# Task item
Drop every picture, then transcribe the remaining data exactly.

[Information — start]

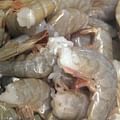 fresh shrimp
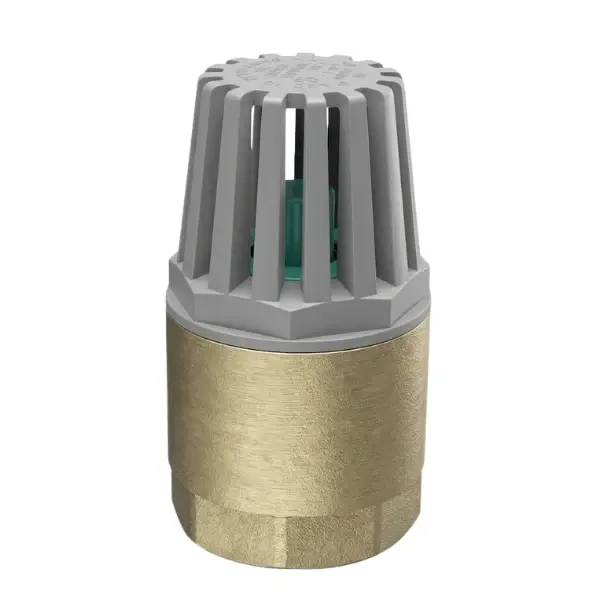KLEPSAN Yaylı Dip Klape 1'' PN16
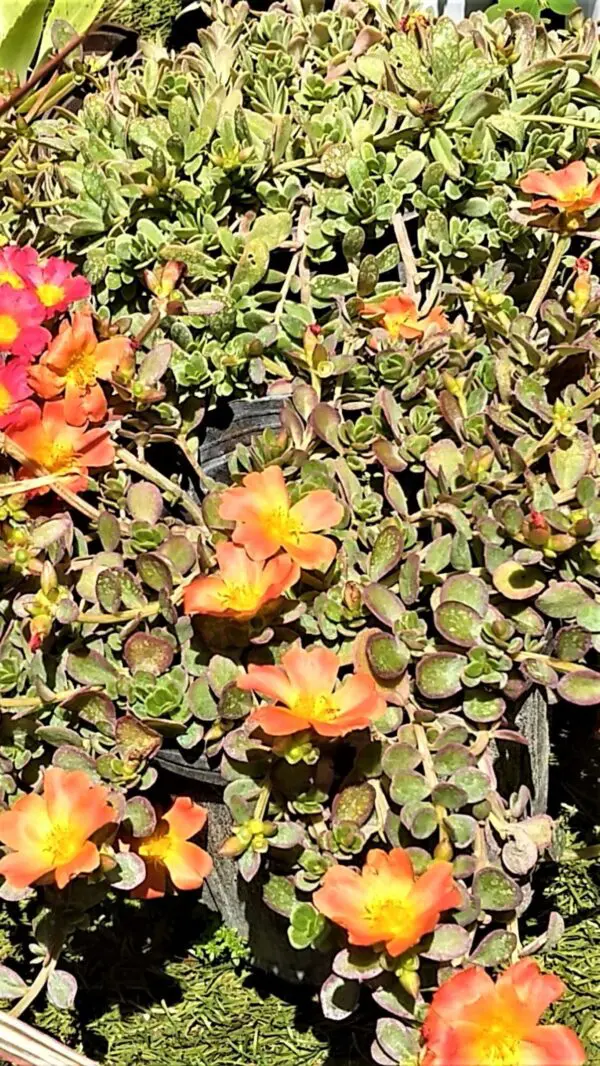 A close up of some flowers in the grass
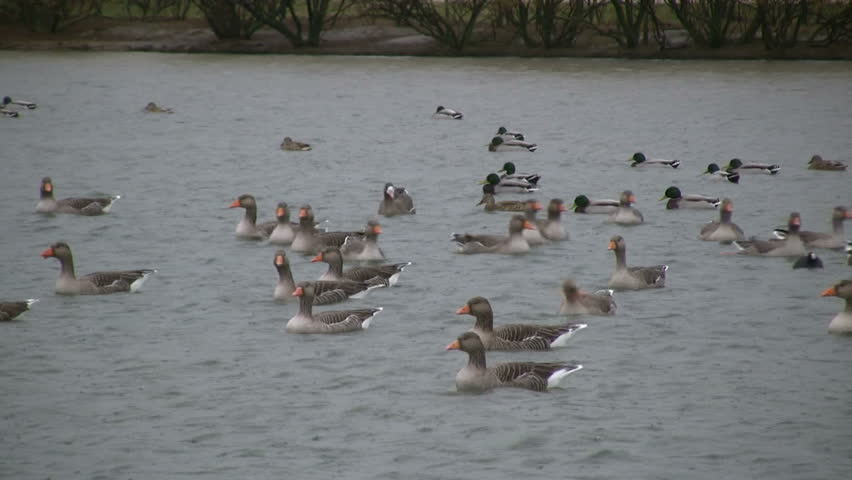 Greylag Goose (Anser anser)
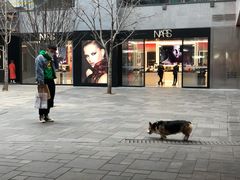 -喜茶(北京三里屯太古里店)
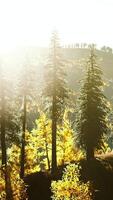 Beautiful sunset view in cedar forest in front of sayan mountain range video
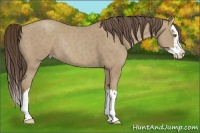 Horse Color:Classic Cream Champagne Sabino Splash Rabicano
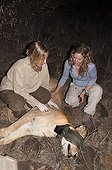 Biologist and sleepy Lion Lion GPS monitoring program Kenya  ; Biologist : Alayne Cotterill <br>Expert GPS : Mary Smulders<br>Living with Lions GPS Monitoring Program, Loisaba Wilderness Conservancy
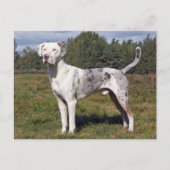 Katahoula louisiana Leopardin Postkarte (Vorderseite)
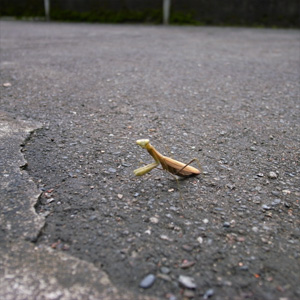 20081026_5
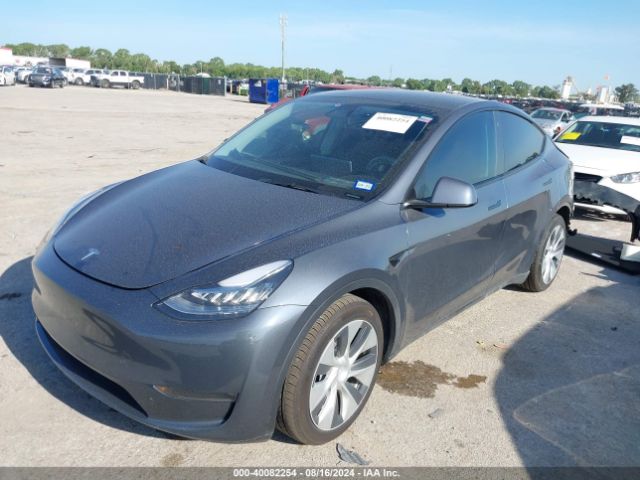 Photo 1 VIN: 7SAYGDEE0PA114053 - TESLA MODEL Y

[Information — finish]

# Task answer
 fresh shrimp
KLEPSAN Yaylı Dip Klape 1'' PN16
 A close up of some flowers in the grass
 Greylag Goose (Anser anser)
 -喜茶(北京三里屯太古里店)
 Beautiful sunset view in cedar forest in front of sayan mountain range video
 Horse Color:Classic Cream Champagne Sabino Splash Rabicano
 Biologist and sleepy Lion Lion GPS monitoring program Kenya  ; Biologist : Alayne Cotterill <br>Expert GPS : Mary Smulders<br>Living with Lions GPS Monitoring Program, Loisaba Wilderness Conservancy
 Katahoula louisiana Leopardin Postkarte (Vorderseite)
 20081026_5
 Photo 1 VIN: 7SAYGDEE0PA114053 - TESLA MODEL Y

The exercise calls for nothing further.